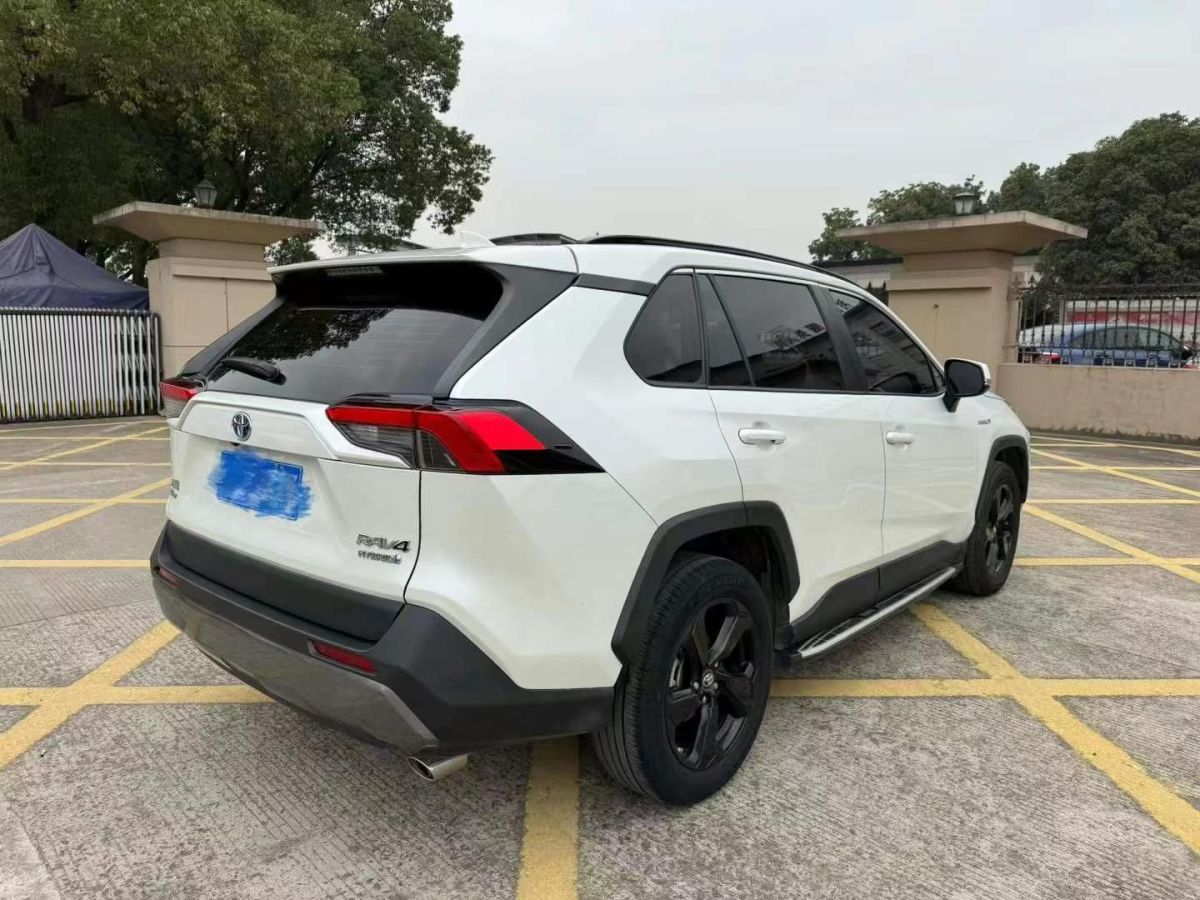 豐田 RAV4榮放  2022款 2.0L CVT四驅(qū)尊貴版圖片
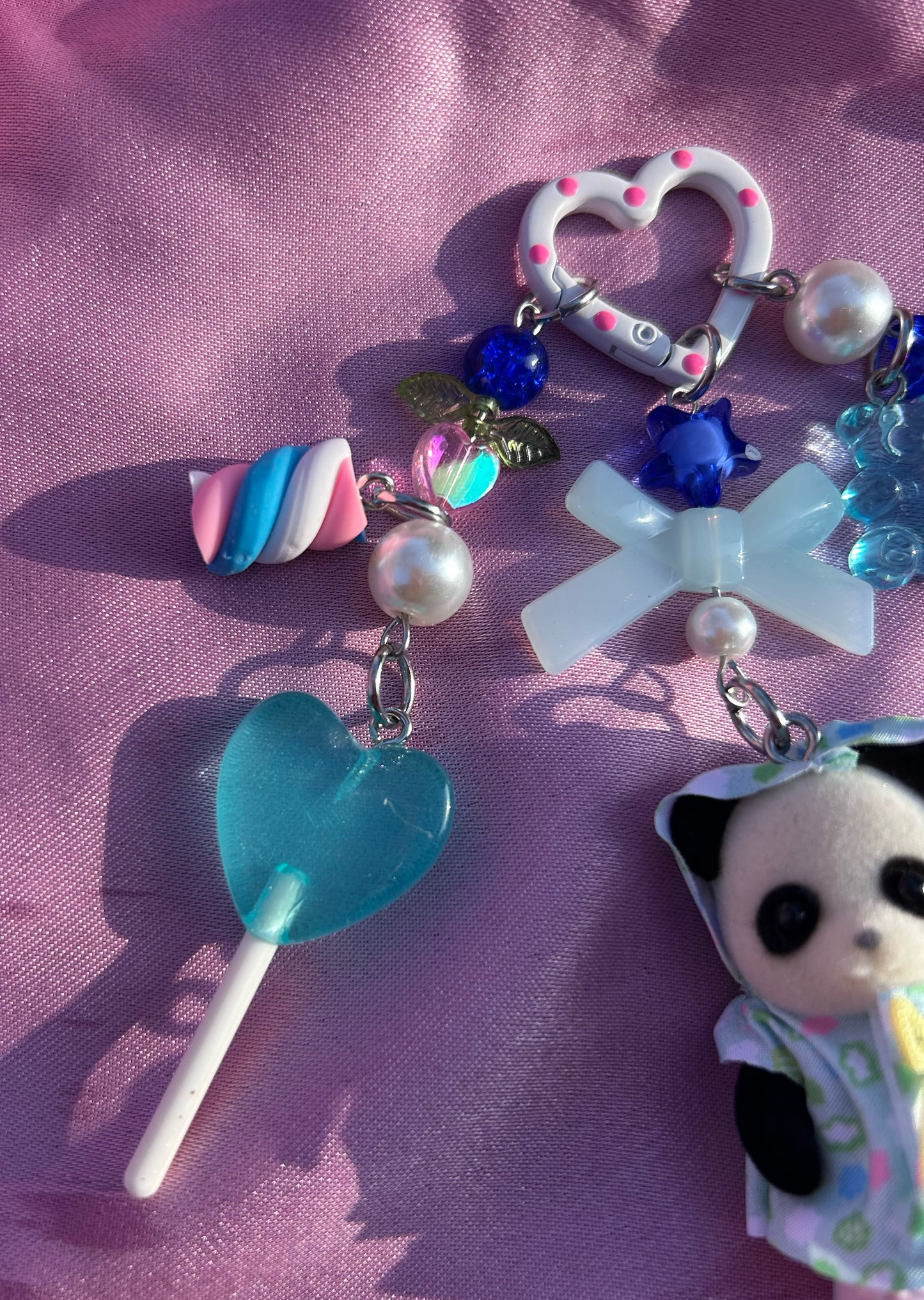 SYLVANIAN FAMILIES RAINCOAT PANDA KEYCHAIN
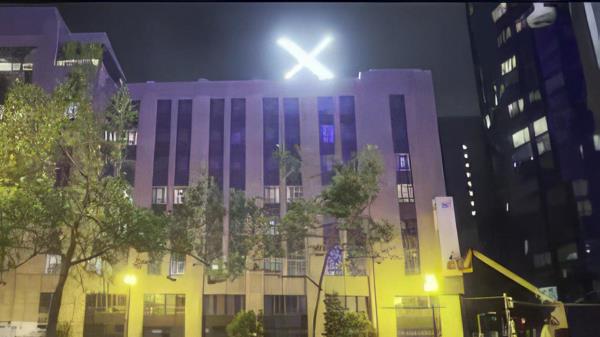 前推特旧金山总部拆除了闪烁的“X”标志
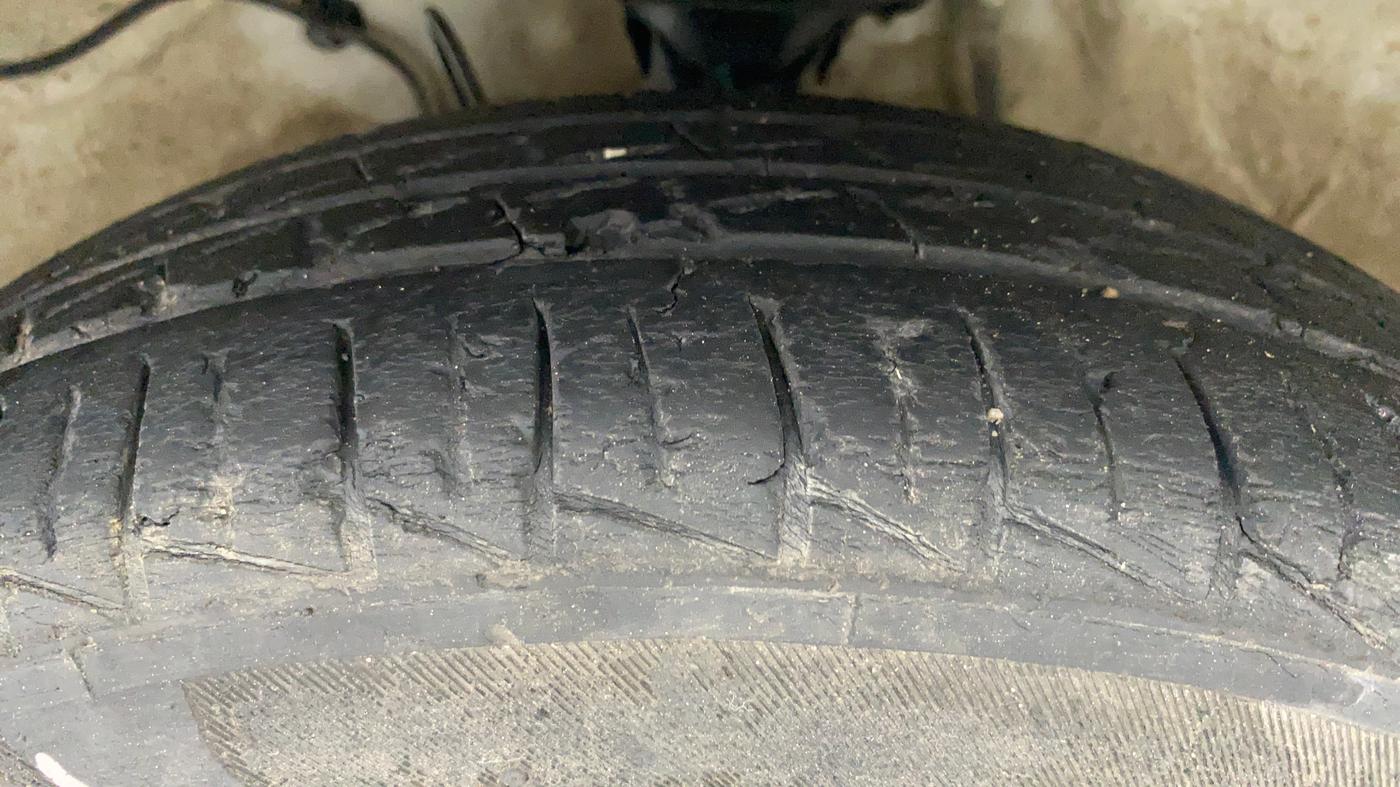 2019 Maruti Alto LXI, Petrol, Manual, 26,573 km, Left Front Tyre Tread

▸ EXERCISE GOAL
Only the pictures are to be left out; write out all the other data exactly.

▸ RESPONSE
 豐田 RAV4榮放  2022款 2.0L CVT四驅(qū)尊貴版圖片
 SYLVANIAN FAMILIES RAINCOAT PANDA KEYCHAIN
 前推特旧金山总部拆除了闪烁的“X”标志
 2019 Maruti Alto LXI, Petrol, Manual, 26,573 km, Left Front Tyre Tread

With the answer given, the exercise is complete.